20 Years Ago Today, General Grievous Killed the Crap Outta Shaggy From Scooby Doo

Mike Powers
20 Years Ago Today, General Grievous Killed the Crap Outta Shaggy From Scooby Doo


General Grievious’ first appearance is a momentous turning point in Star Wars history. After Genndy Tartakovsky’s stunning Clone Wars animated series had given fans chapter after chapter of the Jedi at their apex, performing feats unlike anything seen in Star Wars on screen, a metal monster was here to humble them.

And he started by killing Shaggy from Scooby Doo.

The 20th, final episode of Clone Wars’ first half, the Battle of Hypori is not just one of the miniseries’ standout moments, but unlike anything we’d seen before.

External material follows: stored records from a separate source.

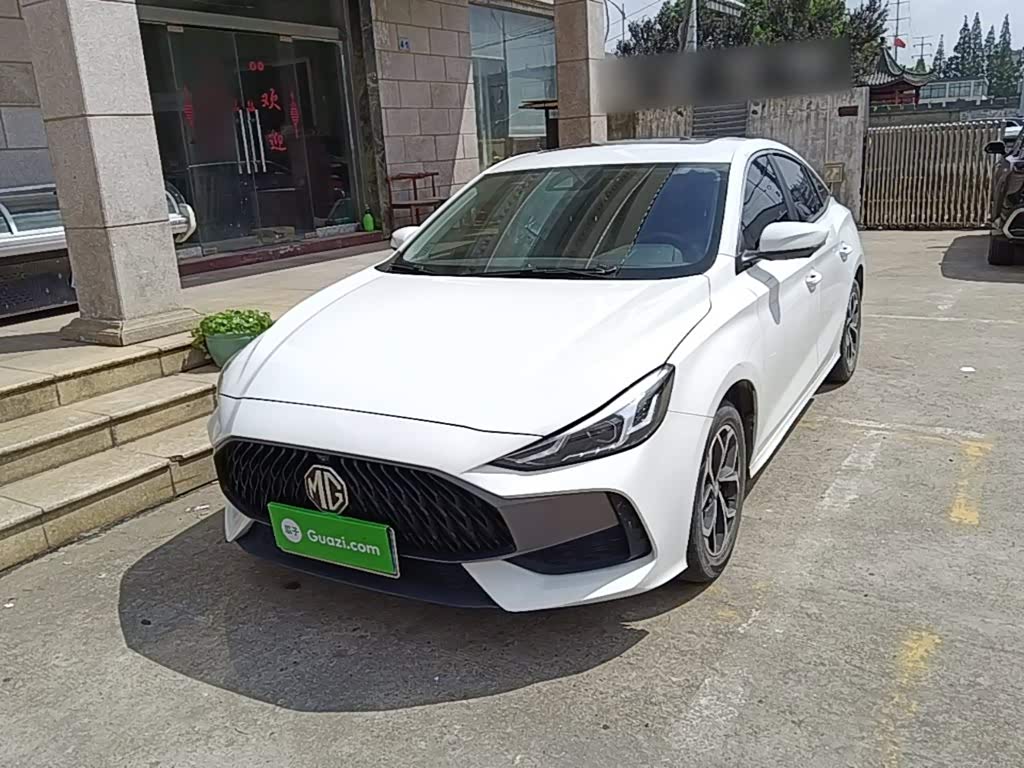 MG MG5 1.5 л 2022 г. Белый, пробег 28600 км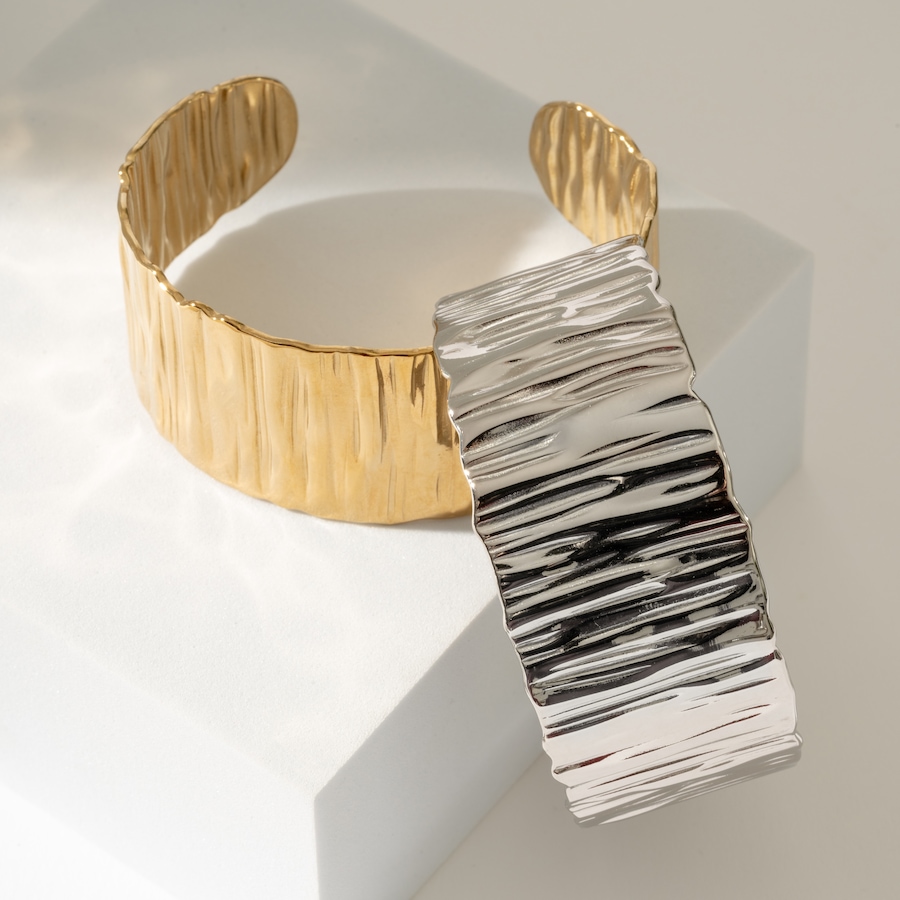 Image 752264_ALTMORE3.jpg, Product 752-264 / Price $69.99, STEELX Wide Ridge Statement Open Bangle from Steelx on TSC.ca's Jewellery department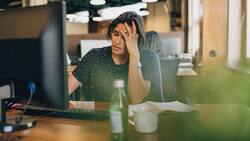 Unter Strom: Permanenter Stress am Arbeitsplatz wirkt sich auf den Gesundheitszustand aus.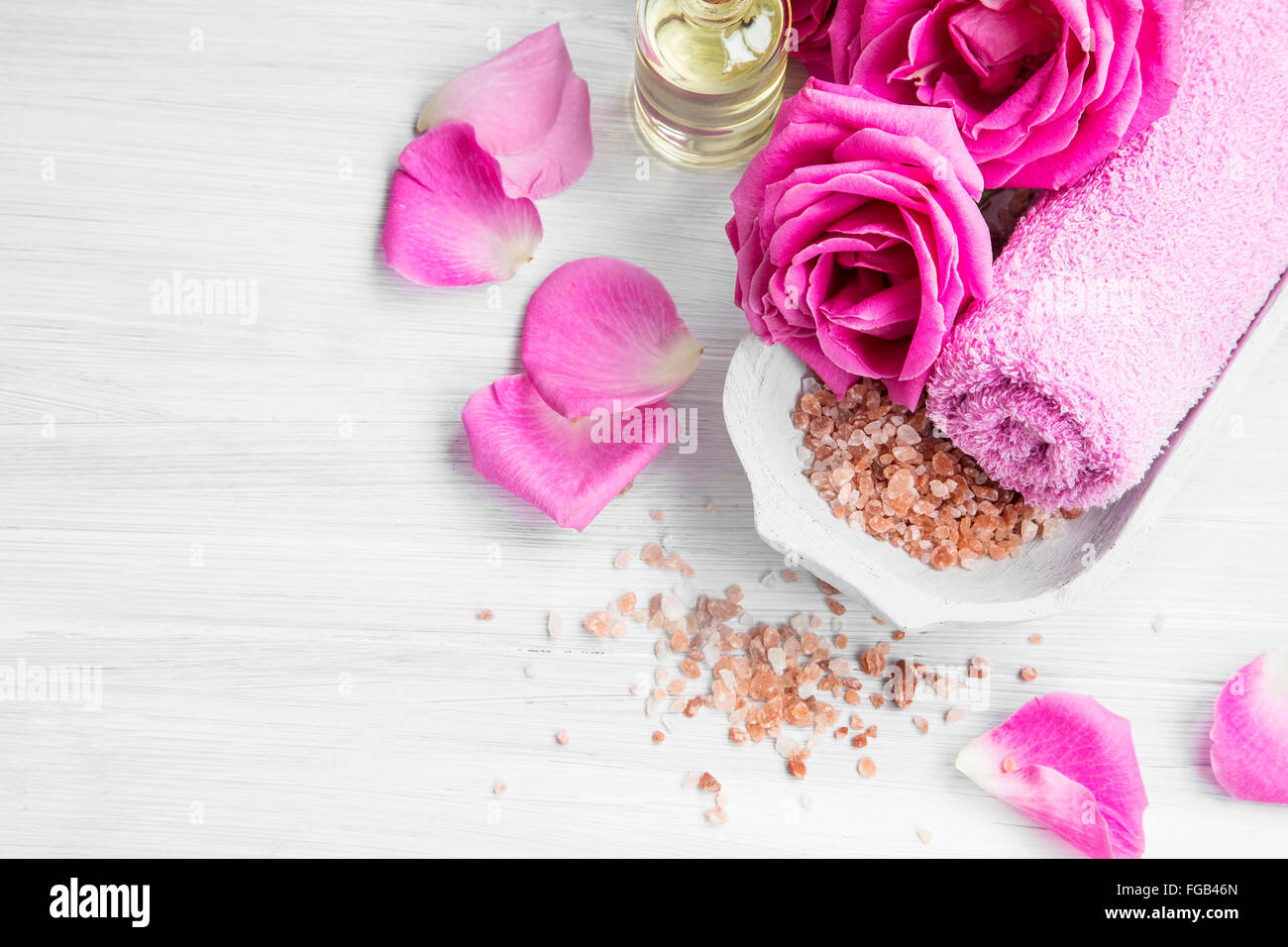 Spa-Ambiente mit rose rosa Blumen und Blütenblätter, Badesalz und Körper-Öl Stockfoto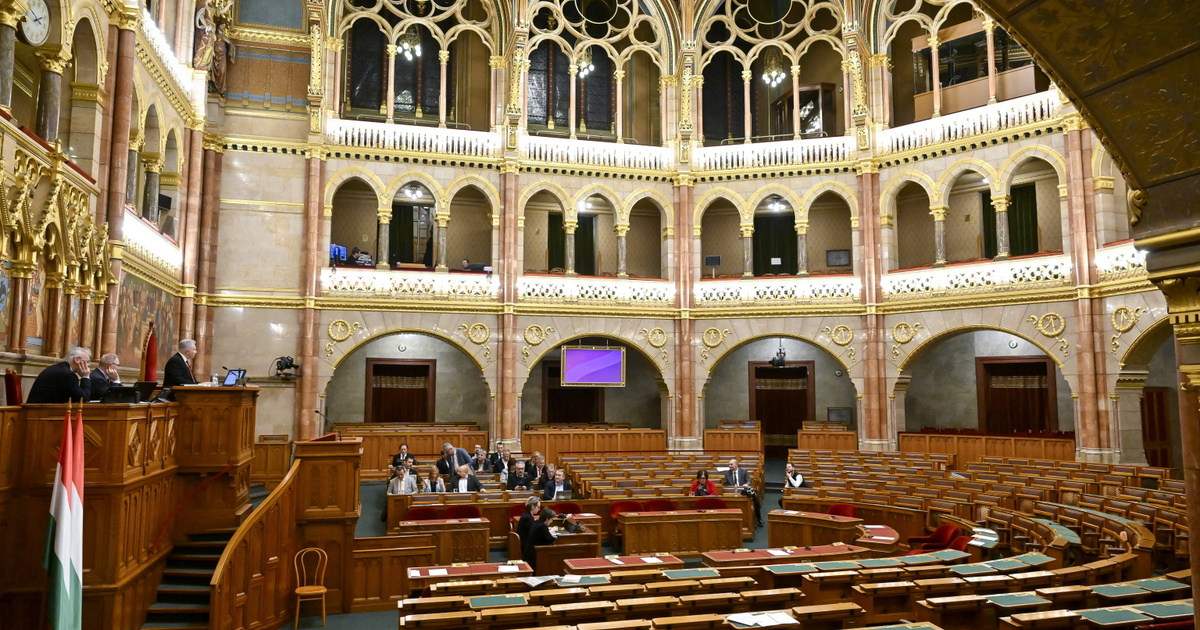 Index – Belföld – Hajnali kettőkor kezdődött a rendkívüli parlamenti ülés, kiakadtak a képviselők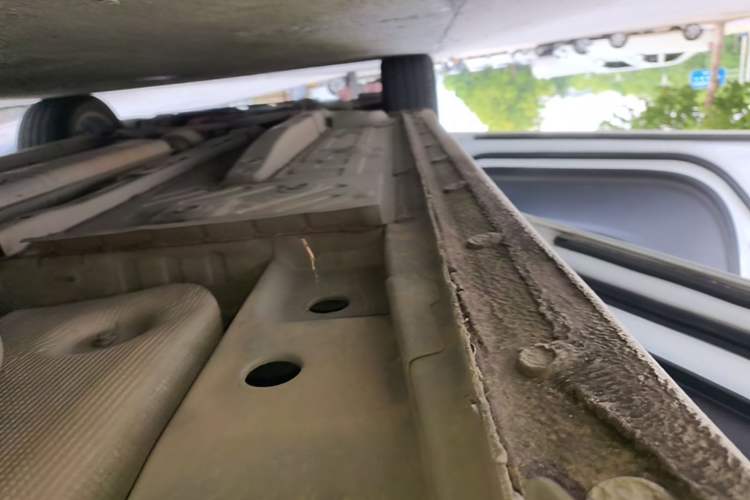 Used Buick GL6 2018 18T 6-Seater Prestige Model Left Side Sill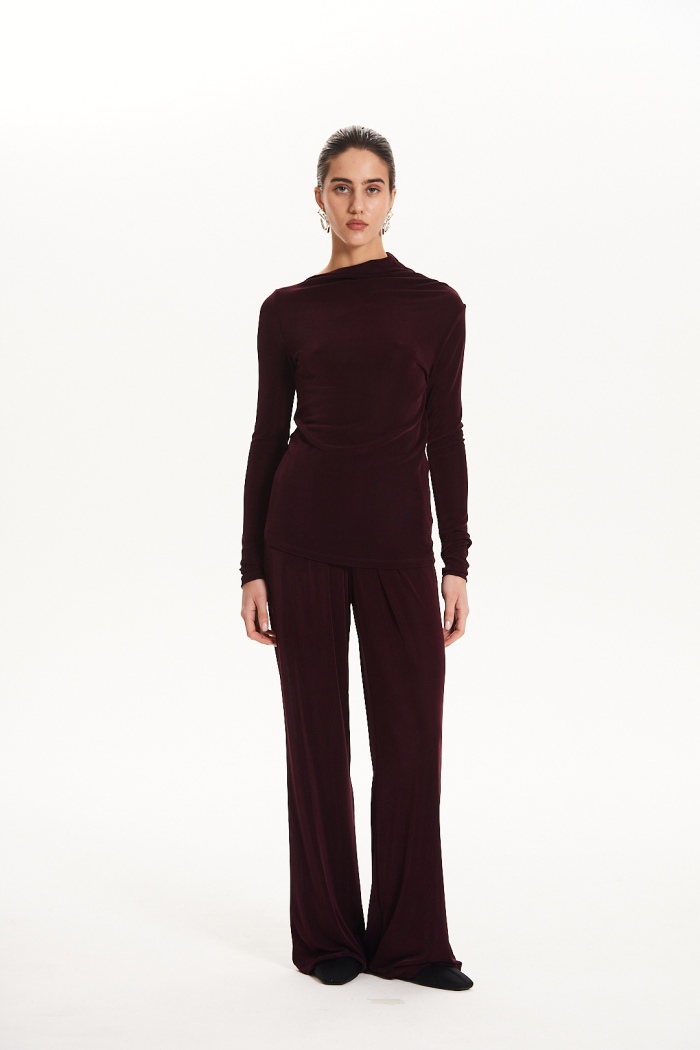 Seven Lab - Костюм из мягкой вискозной ткани в оттенке бургунди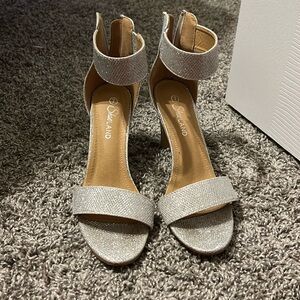 Super cute, glitter heels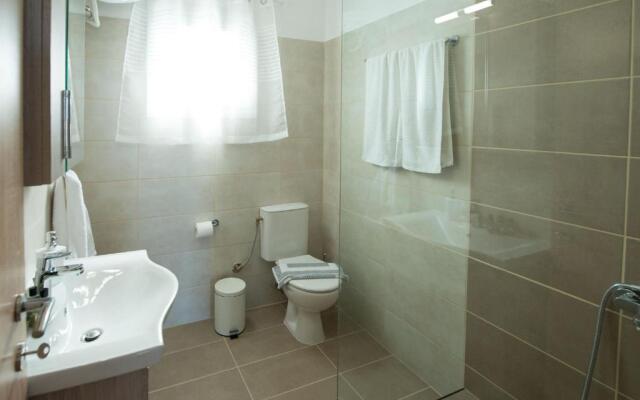 Darmanin Apartment 3 Gyalos Corfu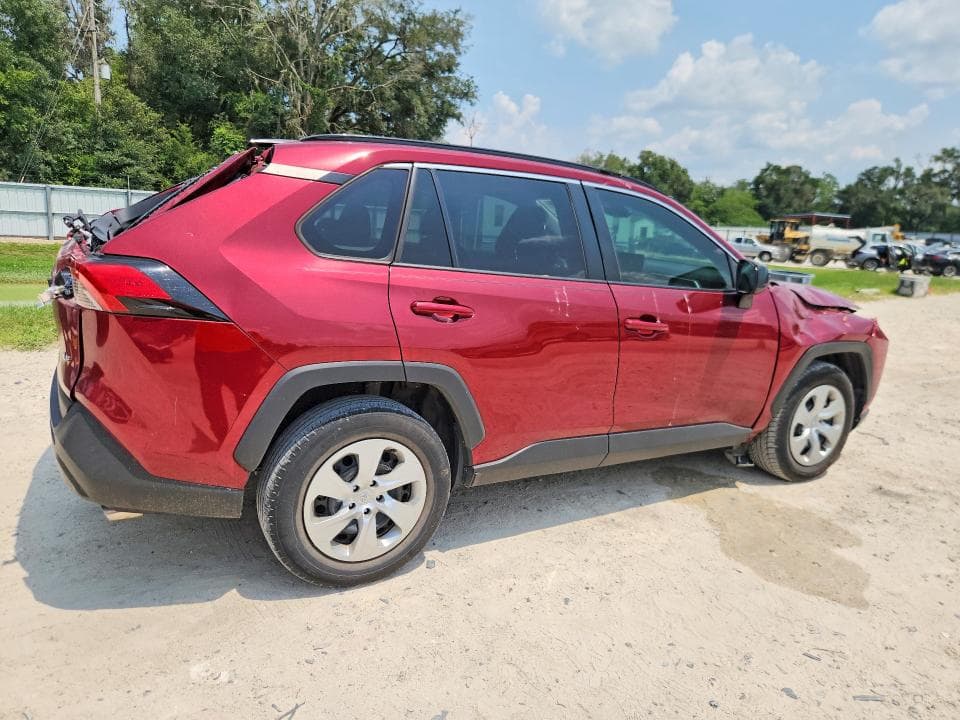 2021 TOYOTA RAV4 LE 3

Just as much as the original, 2D Clone Wars’ is fondly remembered for its all-killer-no-filler approach to action, it’s also remembered as a love letter to the power of the Jedi. Not in their approach to diplomacy or oratory skills, not even with their mastery of the Force: Tartakovsky’s vision for the Jedi in his show was about showing them as superhuman warriors, men and women who could turn the tide of a planetary-scale conflict with a sweep of the laser sword in their hands. If not categorically framed as the heroes, Clone Wars’ Jedi would be horrifying, especially if their foes were not othered in reams of faceless battle droids, or monstrously alien bounty hunters and peculiar Sith witches.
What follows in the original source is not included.